Clipping the ratio around 1. The ratio $r_t(\theta)$ is centered at 1 because $\pi_\theta=\pi_{\theta_{\text{old}}}$ implies no change. Clipping to $[1-\epsilon,\,1+\epsilon]$ prevents $r_t(\theta)$ from drifting too far, limiting how much the new policy can change its action probabilities in a single update.
Taking the min. We compare the unclipped term $r_t(\theta)A_t$ with the clipped term and keep the smaller one. This makes the objective conservative: if the policy tries to improve too aggressively, the clipped term takes over and stops extra gain.

Concretely:

If $A_t>0$, the objective uses $\min(r_t, \operatorname{clip}(r_t))A_t$, so once $r_t(\theta)>1+\epsilon$, further increases no longer help.
If $A_t<0$, the same min means once $r_t(\theta)<1-\epsilon$, further decreases no longer help.

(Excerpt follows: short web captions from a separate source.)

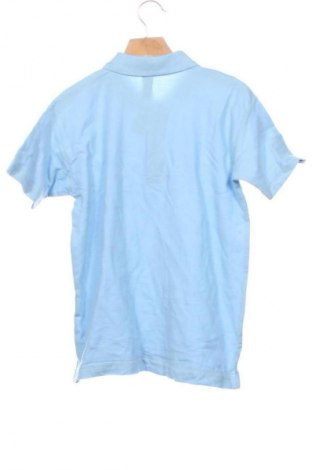 Dziecięcy T-shirt Sol's, Rozmiar 10-11y/ 146-152 cm, Kolor Niebieski, Cena 22,99 zł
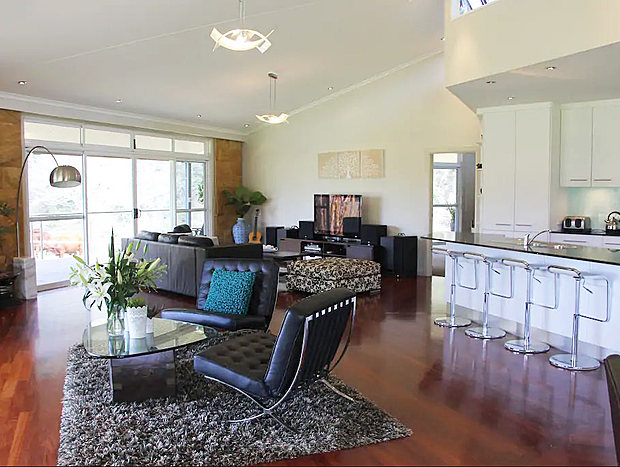 Photo 5 for The Rotating House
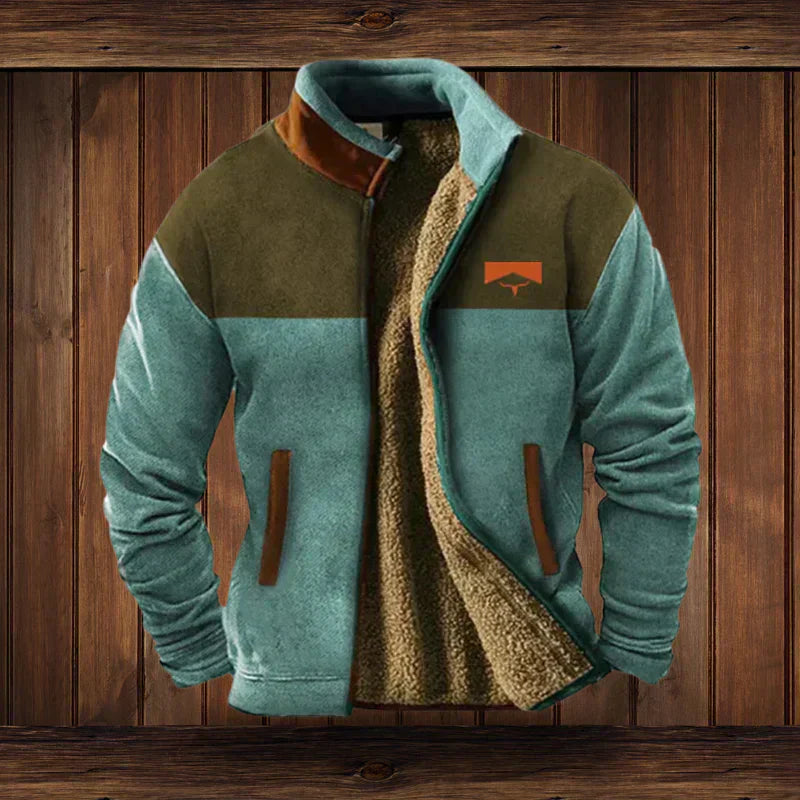 Teodoro™ | Udendørs Fleece Vest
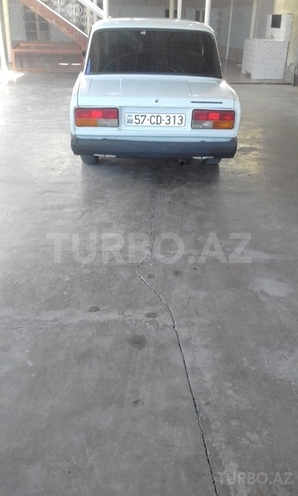 LADA (VAZ) 2106 2006, 180,000 km - 1.6 l - Ağdaş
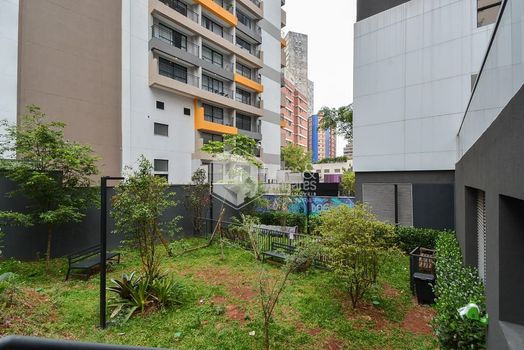 Foto 23 do(a) Apartamento de 1 quartos à venda em Bela Vista, São Paulo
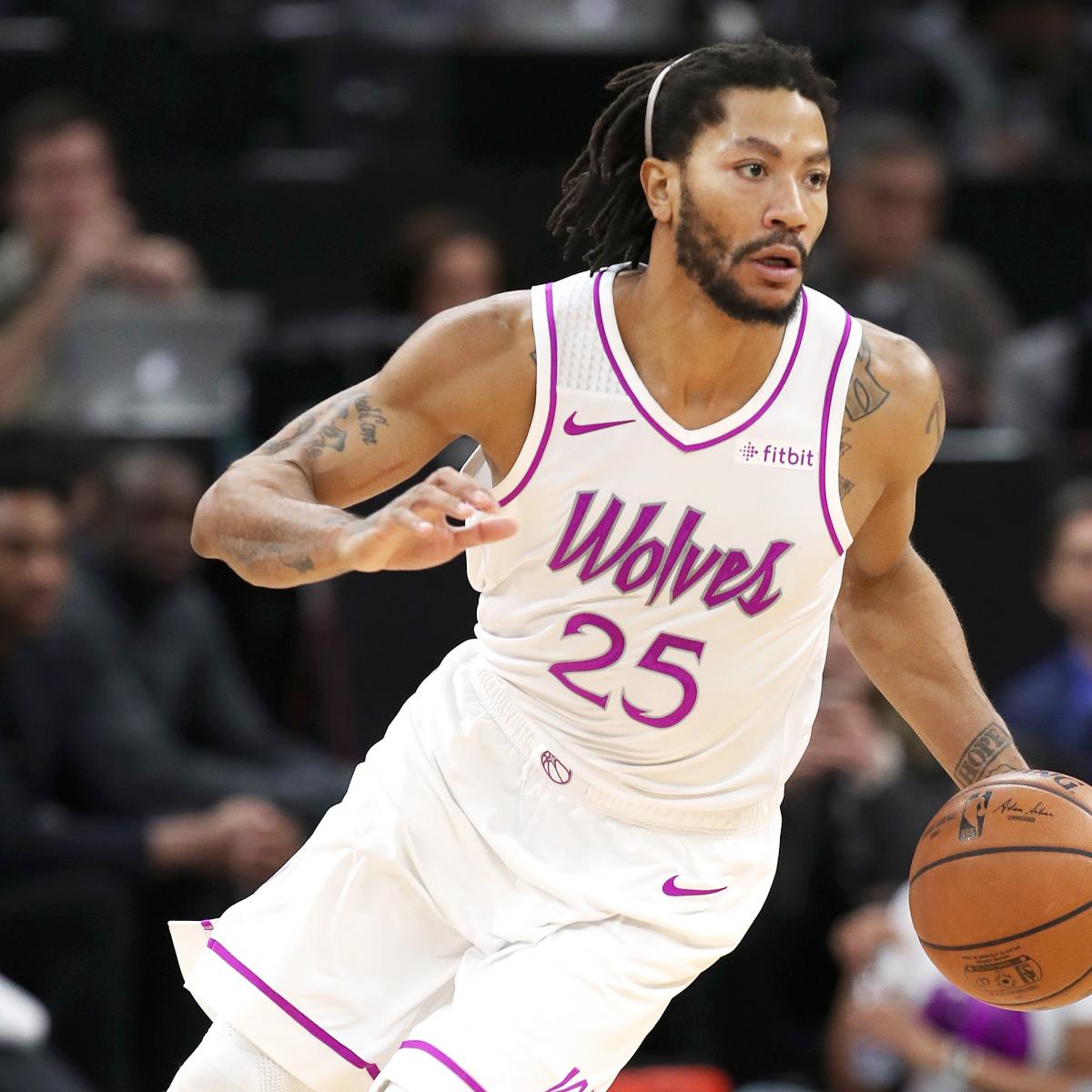 derrick rose earned edition jersey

8. One Clean Derivation Chain (From Expected Return → Log-Prob → PPO)#

Here is the full chain in one place.

Step 1: Rollout objective#

\[ J(\theta)=\mathbb{E}_{\tau\sim p_\theta}[R(\tau)]. \]

Step 2: Differentiate using the log-derivative trick#

\[ \nabla J(\theta)=\mathbb{E}_{\tau\sim p_\theta}[\nabla\log p_\theta(\tau)\,R(\tau)]. \]

Step 3: Expand $$\log p_\theta(\tau)$$ (environment terms vanish)#

\[ \nabla\log p_\theta(\tau)=\sum_t \nabla\log \pi_\theta(a_t\mid s_t). \]

Step 4: Replace returns with advantages (variance reduction + credit assignment)#

\[ \nabla J(\theta)=\mathbb{E}\left[\sum_t \nabla\log \pi_\theta(a_t\mid s_t)\,A_t\right]. \]

Step 5: Express the update using the ratio derived from log-probs#

\[ r_t(\theta)=\frac{\pi_\theta(a_t\mid s_t)}{\pi_{\text{old}}(a_t\mid s_t)} =\exp(\log\pi_\theta-\log\pi_{\text{old}}). \]

Step 6: Unclipped surrogate objective#

\[ L^{\text{PG}}(\theta)=\mathbb{E}_{t\sim \pi_{\text{old}}}[r_t(\theta)A_t]. \]

Step 7: PPO clipped objective#

\[ L^{\text{CLIP}}(\theta) =\mathbb{E}\left[\min\left(r_t(\theta)A_t,\;\operatorname{clip}(r_t(\theta),1-\epsilon,1+\epsilon)A_t\right)\right]. \]

That is PPO’s core idea: keep the benefits of a policy-gradient update while preventing overly large policy changes.